Content starts

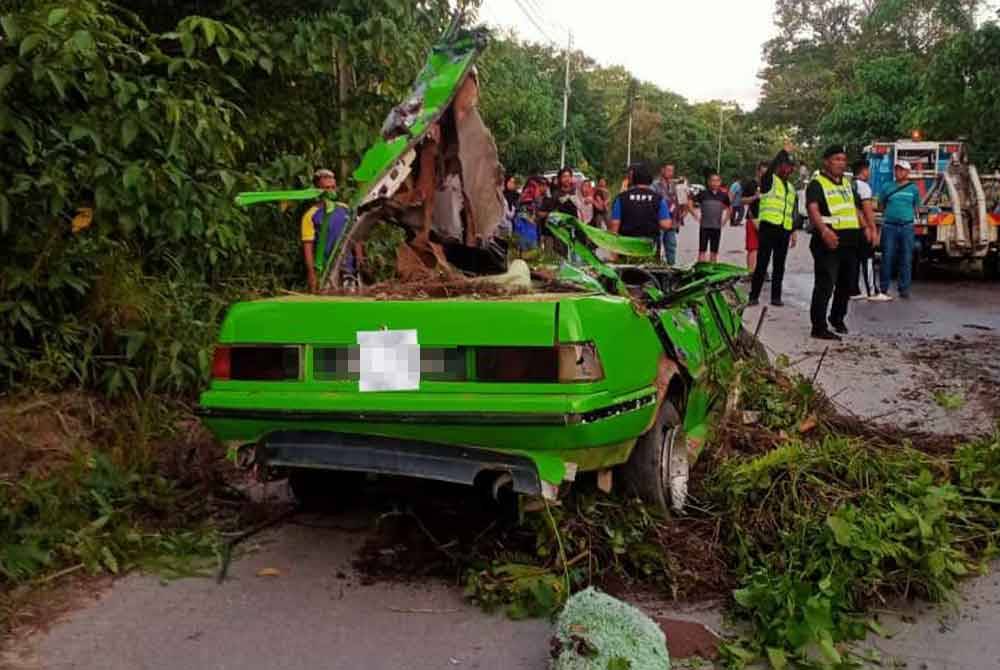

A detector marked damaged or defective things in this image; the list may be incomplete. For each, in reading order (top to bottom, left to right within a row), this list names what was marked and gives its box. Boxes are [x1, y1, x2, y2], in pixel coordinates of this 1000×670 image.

wrecked green car [199, 23, 752, 512]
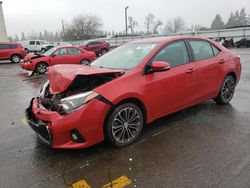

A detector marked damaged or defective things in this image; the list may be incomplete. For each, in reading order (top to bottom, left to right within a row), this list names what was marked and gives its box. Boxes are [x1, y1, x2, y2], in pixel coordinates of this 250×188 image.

broken front bumper [25, 97, 52, 146]
detached bumper piece [25, 98, 52, 147]
damaged red car [19, 46, 95, 74]
front end damage [25, 65, 123, 149]
shattered headlight [59, 90, 98, 114]
crumpled hood [47, 64, 122, 94]
damaged red car [24, 36, 240, 148]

Content ends

*Work item*:
Set down exactly the line that holds "this 250×188 image." and all lines after it to the end of the data.

*Exercise answer*:
A detector marked damaged or defective things in this image; the list may be incomplete. For each, in reading order (top to bottom, left to right within a row), this list names what was marked and gives its box. Boxes are [x1, y1, x2, y2], in pixel coordinates of this 250×188 image.

broken front bumper [25, 97, 52, 146]
detached bumper piece [25, 98, 52, 147]
damaged red car [19, 46, 95, 74]
front end damage [25, 65, 123, 149]
shattered headlight [59, 90, 98, 114]
crumpled hood [47, 64, 122, 94]
damaged red car [24, 36, 240, 148]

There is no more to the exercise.